The unit's staff partners with those in other regional centers to educate and train one another. This March, they completed a training exercise with another health care system in the Spokane area as well as with other local and state agencies. Now, they are working with the other regional centers to focus on prevention of disease spread.

Arguinchona called the time during the unit's activation challenging, but not scary. "I would say we were confident, and we were ready," she said. "And I'm confident that we would feel the same way again, if we were activated for another pathogen."

Thomas Barnett is a nurse who joined the special pathogens team around the time it started and found it especially rewarding to be part of a new program at the hospital. He serves as a team leader and takes part in quarterly trainings.

"A lot of my colleagues I've worked with, I've tried to get them to join and they were like, 'Do you really want to take care of an Ebola patient if they come?'"

Barnett

Barnett said his response is: "The way I look at it, I'm getting the best training to be safe. It's not that I want to take care of somebody who is really contagious, but I know how to do it."

When he and his colleagues in the unit learned in 2020 they would get some of the first COVID patients, they felt ready. "It was almost like a nervous excitement," he said. "Like, OK, we don't know what this virus is just yet, but I did feel very confident that we had all the right equipment.
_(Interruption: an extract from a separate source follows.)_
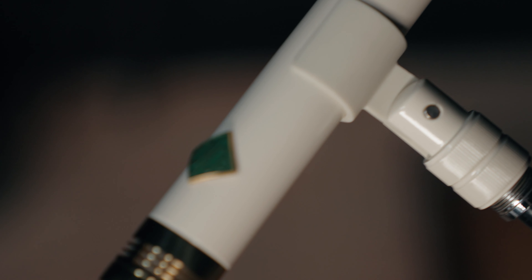Hey drummer friends, welcome back to the channel. In today's video we are taking a look at the Soyuz FET 013 small diaphragm microphones. In my application I'm going to be using them as drum overheads, but you can use them for a variety of different applications.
We'd had lots of training. We were familiar with the unit we were using."

Preparing for the future
Leaders of the National Emerging Special Pathogens Training and Education Center, the coordinating body for the National Special Pathogens System, said in a statement that they are proud to have members of the Sacred Heart unit in its ranks. The leaders added that they "remain grateful that the Providence Sacred Heart special pathogens unit will continue to join NETEC and the nation's 12 other RESPTCs (Regional Emerging Special Pathogen Treatment Centers) in setting the gold standard for special pathogens care, protecting the lives and security of millions of Americans in the process."

Taking on the responsibility of the special pathogens unit is one way Sacred Heart fulfills its mission as a Catholic hospital, Arguinchona pointed out.

"We are very committed to our mission, and our mission is to care for our community and to care for those that are vulnerable," especially those with infectious diseases, she said. "We can't control who walks through our doors, and we want to be prepared for whoever is sent to us needing that care."